*What the exercise asks:* Taking only the lines of the data below from the line with "jaszmotor_webs" to the line with "Piste_Noire_S01E01_mkv1140.jpg", ends included, write them out exactly and without pictures.

*Extracted material:*
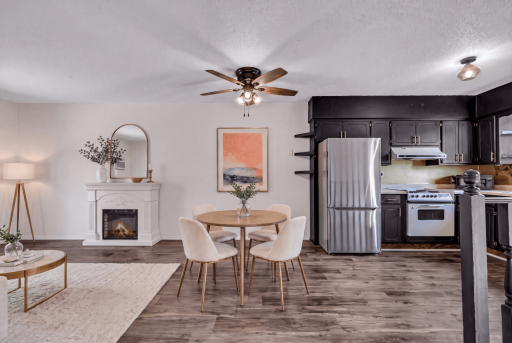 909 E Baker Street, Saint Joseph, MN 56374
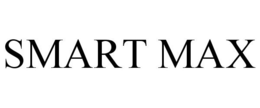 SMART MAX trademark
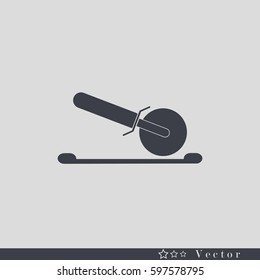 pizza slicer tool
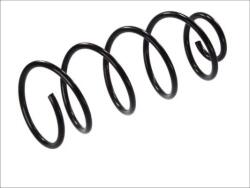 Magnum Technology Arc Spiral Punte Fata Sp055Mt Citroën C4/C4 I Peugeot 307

---

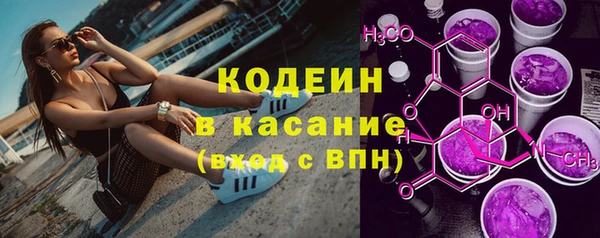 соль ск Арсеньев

==

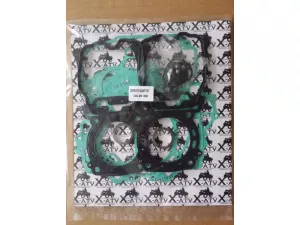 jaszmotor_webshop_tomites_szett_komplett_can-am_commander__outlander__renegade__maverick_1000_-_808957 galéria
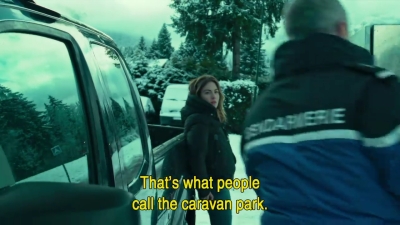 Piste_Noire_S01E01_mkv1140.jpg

*Solution to this exercise:*
 jaszmotor_webshop_tomites_szett_komplett_can-am_commander__outlander__renegade__maverick_1000_-_808957 galéria
 Piste_Noire_S01E01_mkv1140.jpg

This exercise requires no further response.